Qualche giorno fa, Eugenio Scalfari ha paragonato Renzi a Craxi, stigmatizzando di entrambi la grande ambizione e il pragmatismo amorale. Tuttavia, il direttore di Repubblica ha anche riconosciuto che l’ex leader socialista – a differenza di Renzi – aveva una “visione politica”. E questo riconoscimento gli deve essere costato parecchio, vista l’antipatia che nutriva per lo scomparso leader socialista. In sostanza, il fondatore di «Repubblica» ha detto che «Renzi è peggio di Craxi» e che, in caso di sua vittoria alle primarie, non voterà PD.
Considerando il peso mediatico del gruppo editoriale che rappresenta, si tratta di un’affermazione di non poco conto. Qualcuno dice che, una volta accettato il meccanismo delle primarie, è scorretto fare saltare il tavolo quando non vince il proprio candidato. Verissimo. Ma questo vale per i politici, non per i cittadini. I cittadini sono liberi di votare chi vogliono. Ora, il paradosso è che certi cittadini – per esempio gli opinionisti carismatici e gli imprenditori a capo di grossi gruppi editoriali – hanno non di rado più potere dei politici di professione. Perciò, queste primarie di coalizione rischiano di diventare l’ennesimo suicidio della sinistra, dando una chance ad un centrodestra che è ormai alla canna del gas.

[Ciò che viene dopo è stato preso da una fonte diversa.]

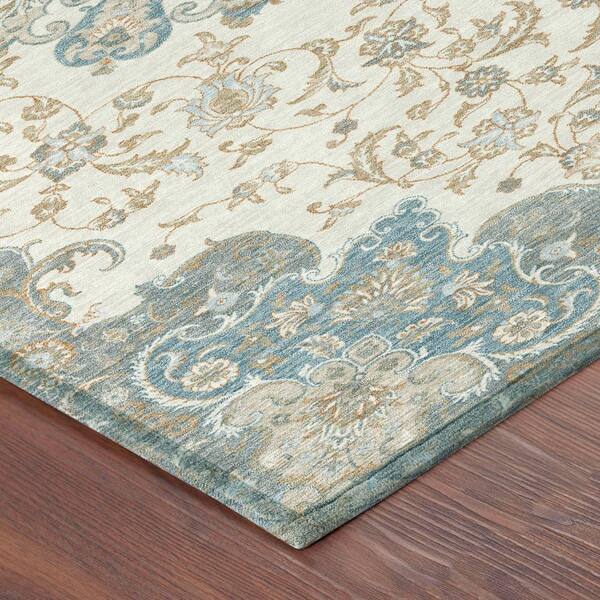 Chantille Machine Washable Indoor/Outdoor Abstract ACN2489 Ivory 2 ft. x 7 ft. Runner Rug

Andiamo più in dettaglio nel paragone di Scalfari. Giuste o sbagliate che fossero, Craxi aveva delle idee. Aveva un’idea di partito: voleva tenere il PSI saldamente all’interno della famiglia socialista europea. Aveva un’idea di Stato: voleva una nazione più governabile, capace di prendere decisioni e di prenderle rapidamente. Ma tutto questo era funzionale a supportare una precisa prospettiva geopolitica, volta a sganciare gradualmente l’Italia tanto dalle influenze sovietiche (che ci investivano per tramite del PCI), quanto dalle influenze statunitensi (che si esercitavano per tramite del blocco moderato DC-PRI-PLI-PSDI). Autonomia dal PCI e dalla DC significava anche autonomia dalle due superpotenze. Craxi voleva ritagliare all’Italia un ruolo da media potenza, autonoma a livello di politica estera e approvvigionamenti energetici, al pari di Francia e Inghilterra.

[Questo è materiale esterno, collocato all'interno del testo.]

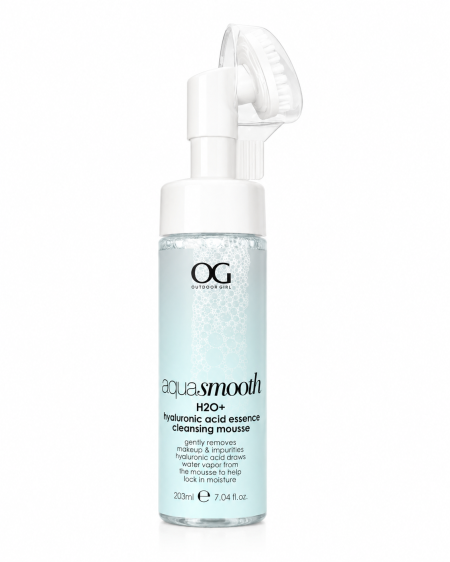 OG Aquasmooth H2O+ Hyaluronic Acid Cleansing Mousse – غسول أكواس موث بحمض الهيالورونيك
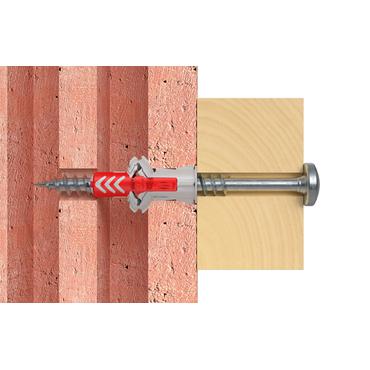 Fischer 545838 skrueanker og v&aelig;gudtag 100 stk Skrue og v&aelig;gstiks&aelig;t 30 mm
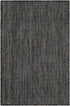 Unique Loom Collection Casual Transitional Solid Heathered Area Rug (2' x 3' 1" Rectangle, Black/Ivory) Indoor/Outdoor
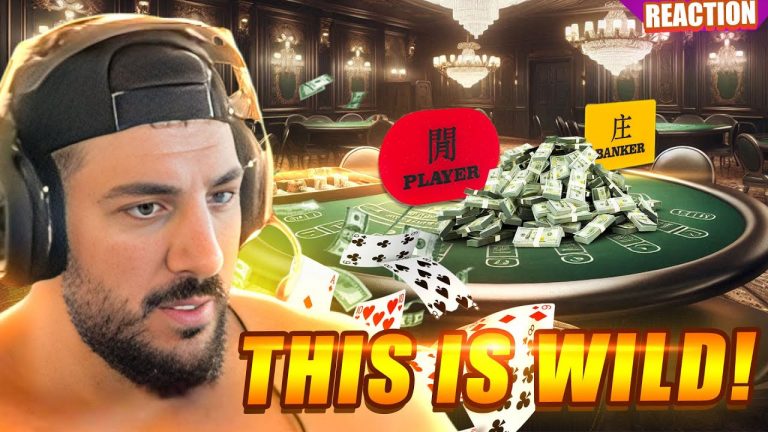 Nickmercs $300,000 Takes on Blackjack & Baccarat: Will Luck Be on His Side? #reaction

E veniamo a Renzi. Non può non fare simpatia quando dice che le cariatidi devono fare un passo indietro, come avviene in tutte le democrazie sane. Chi ha fatto tre legislature, quindici anni in Parlamento, torni al suo lavoro, scriva libri, si riposi, dedichi le proprie energie ad associazioni e fondazioni. Abbiamo bisogno di facce nuove.

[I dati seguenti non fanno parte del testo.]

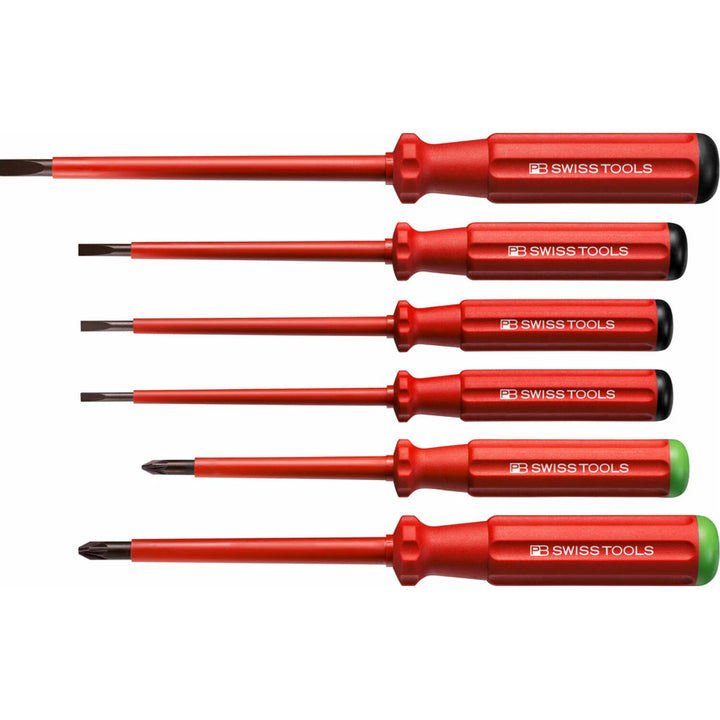 PB Swiss Tools PB 5543 Classic VDE Screwdriver Set, Slim, 6pcs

Però, abbiamo anche bisogno di idee nuove. Per un certo periodo, Renzi ha eluso la questione. Poi, ha messo insieme un programma. Quando ci parla finalmente del programma, e non del conflitto generazionale, il sindaco di Firenze snocciola “riformine amministrative”: prendo un miliardo qua e lo metto la’, meno sprechi di qua, più asili nido di là, recupero le caserme così non devo cementificare altro territorio, ecc. “Riformine” che sono certamente utili e intelligenti, ma può un premier fermarsi qui? Dov’è la filosofia politica, la dottrina dello Stato, la geopolitica? Se non chiarisce questi aspetti, Renzi va bene per amministrare un condominio, un quartiere, una citta’, non certo per governare una nazione o guidare un grande partito.